Interesting people always find us. We already spoke of our tour guide in Puerto Rice who regaled us with stories of real life on the island, his life. We saw his home town, heard tales of his family, were told of his wife’s cooking, and saw his favorite beach.  All that while he managed to extract tales from those he was touring.  Another interesting soul from that trip was our hotel’s lobby ambassador.  Do resorts still have such a character, the cross between concierge and man on the street?  Not a day went by except the one he was off that we weren’t greeted by name by this giant of a man who split his life between Puerto Rice and New York and was a diehard Giants football fan but took a Steelers wrist band from us and wore it at least while we were still there.
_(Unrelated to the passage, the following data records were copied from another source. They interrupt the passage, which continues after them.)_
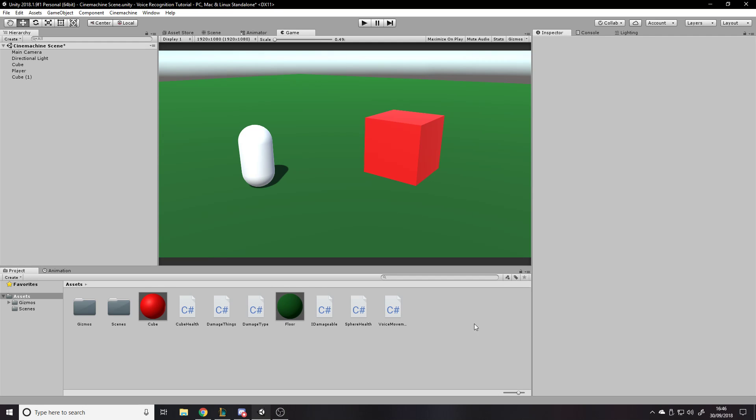Hello and welcome back to another Unity tutorial. In this one I'm going to be showing you Cinemachine, which is an add-on made by Unity themselves and it's used for doing camera tricks, making cinematics, and just everything camera related.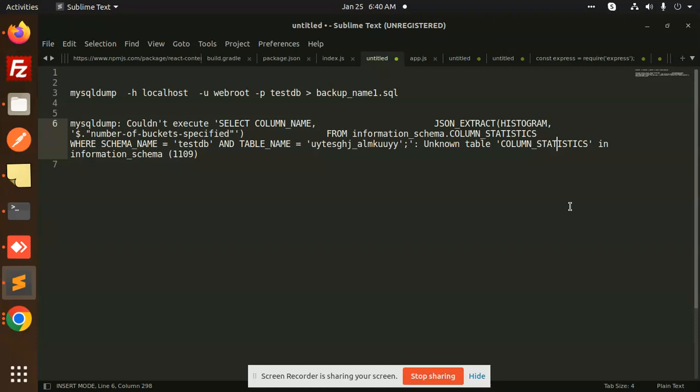When you get this 'Could not execute' error with COLUMN_STATISTICS, what do you have to do? When you try to dump the database, you need to add this line before the host parameter: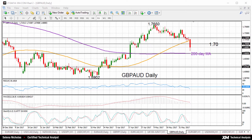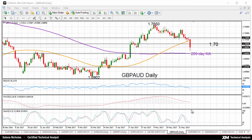GBPAUD is to the downside after a break below the 50-day moving average and below the key level 1.70. Oscillators are showing that the downside bias is gathering momentum. RSI is trending down, it's now below 50 in bearish territory, pointing to the possibility of further downside in the market.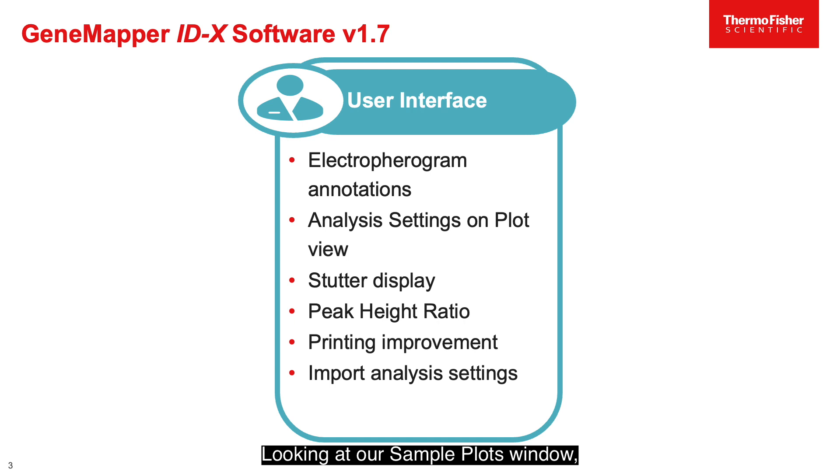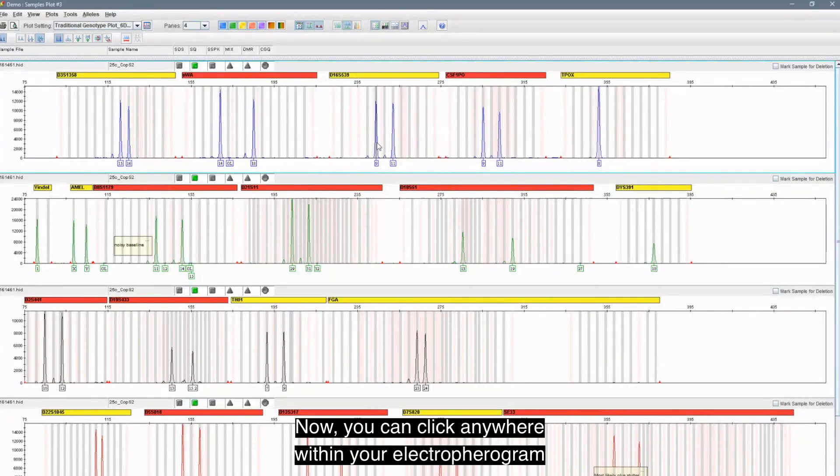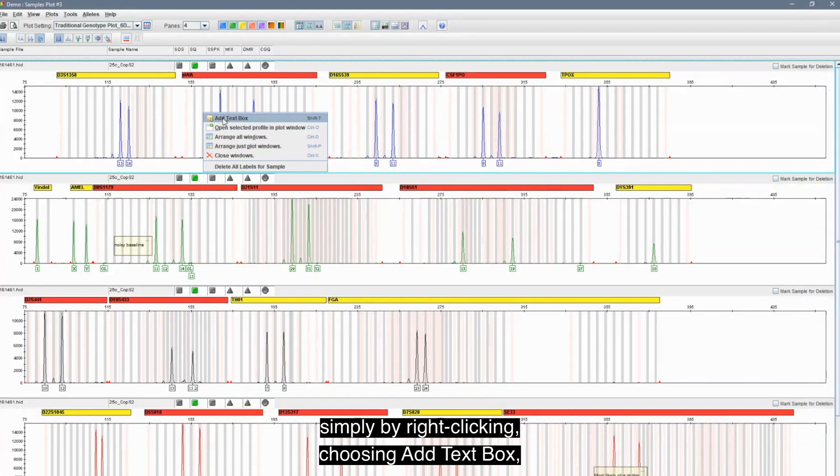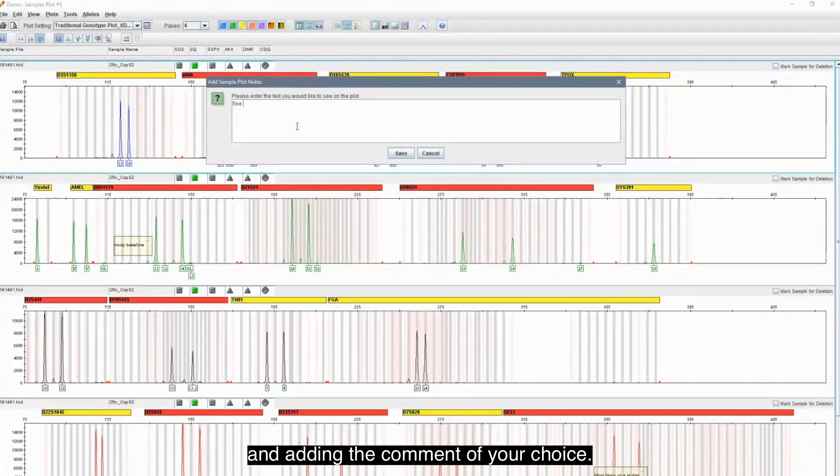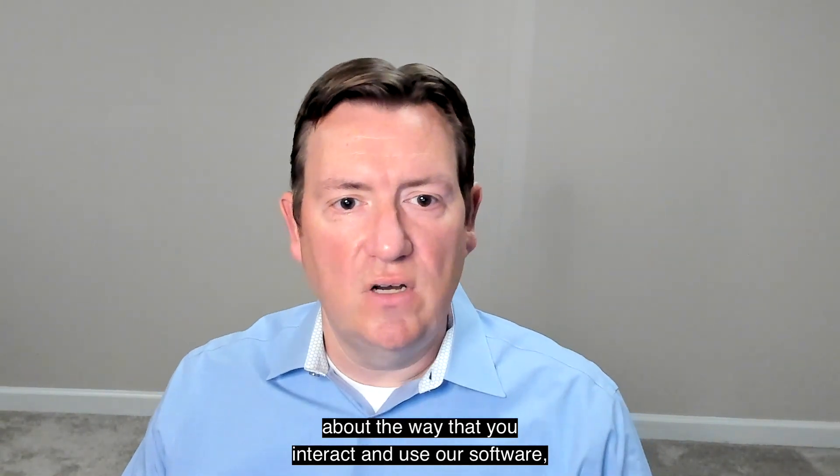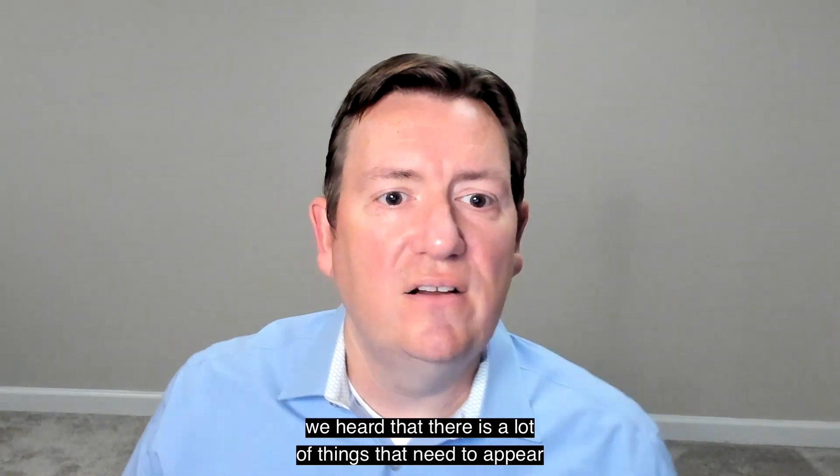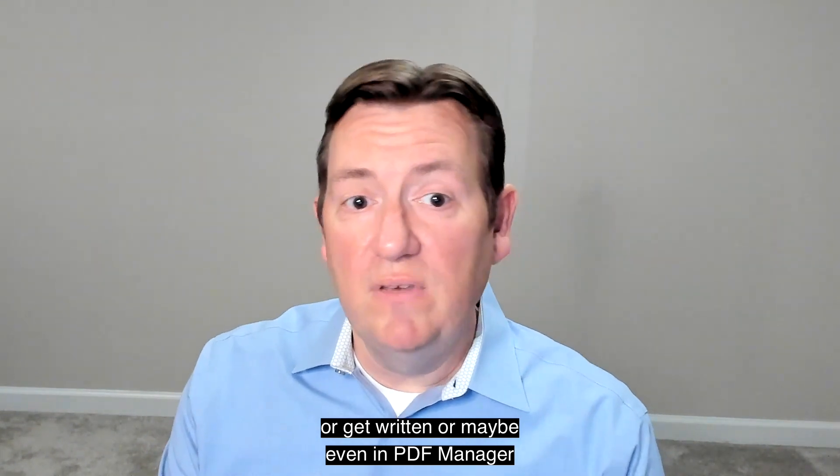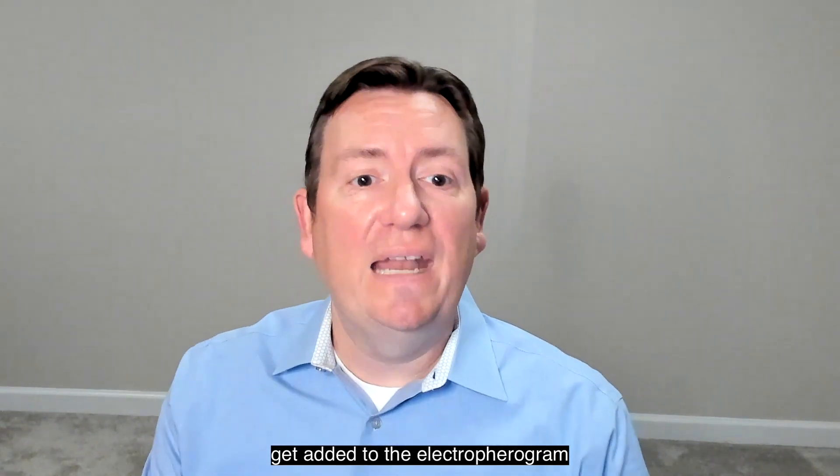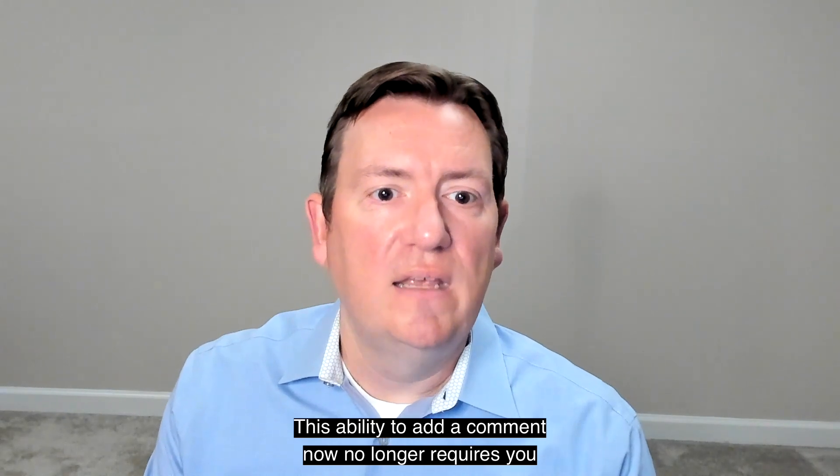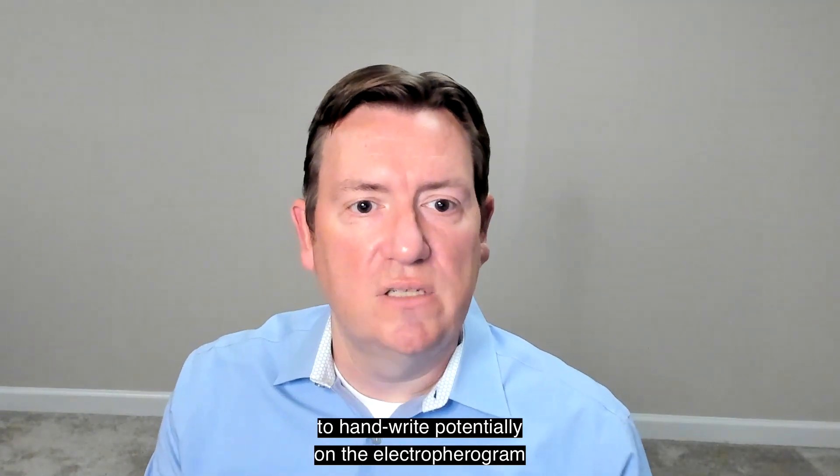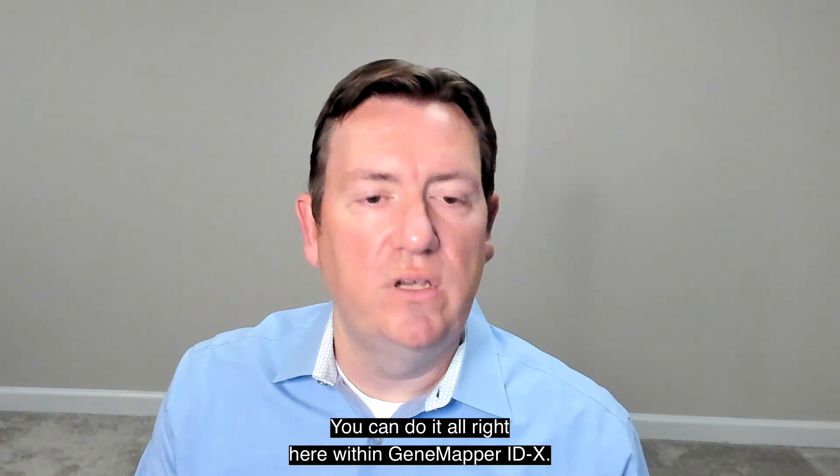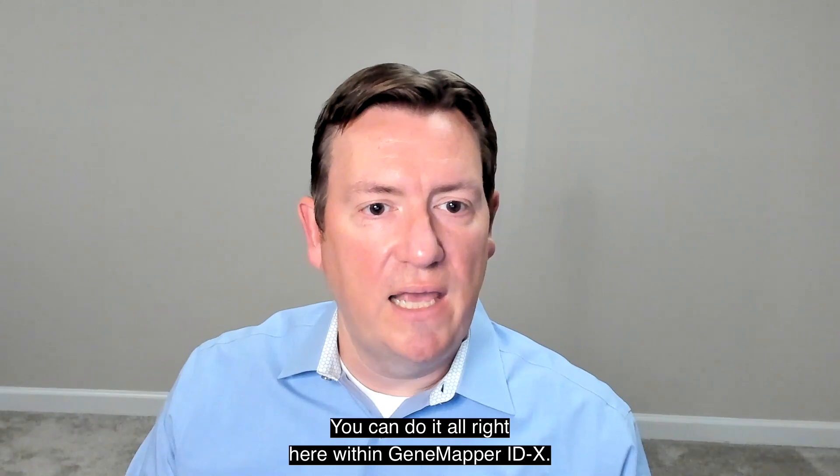Looking at our sample plots window, right away your eyes might be drawn to the new comments feature that we have. Now, you can click anywhere within your Electropherogram and add these comments, simply by right clicking, choosing add text box, and adding the comment of your choice. While talking with you, our users, about the way that you interact and use our software, we heard that there is a lot of things that need to appear or get written or maybe even in PDF Manager get added to the Electropherogram after annotation in GeneMapper IDX. This ability to add a comment now no longer requires you to handwrite eventually on the Electropherogram or take it to another piece of software. You can do it all right here within GeneMapper IDX.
It was also on that trip that we found the artist in his gallery in Old San Juan telling the tale of how his wife came to visit her sister six years before and still hadn’t gone home.  So he painted each town with his stories in each.  We made sure to bring a piece of his back to grace a wall.  There it joins two local artists’ works.  Both of those artists have gone from favorite artist to favorite story teller to favored member of our circle.  We spend much time when we see either of them at shows and we can now pick out the one’s husband who is a shadow in every piece she does and know what room of his grandmother’s house the other used as a mental model for the window in the painting that becomes a window to his memories of her backyard, real and imagined.

There are many, many others. Most people have their favorite people who aren’t necessarily a part of their circle but make the circle more interesting.  We’ve been blessed that almost everywhere we go we can find that person and eventually find him or her again.   The pleasantries are shared, new stories are spoken and heard, and ultimately our circle grows.

So if you should be travelling in the Niagara Falls, NY area and you happen to stop into the Sheraton there, make your way to the Starwoods Suite and ask to speak with the Triscuit Inspector.  Grow your circle a bit too.

Now, that’s what we think. Really. How ‘bout you?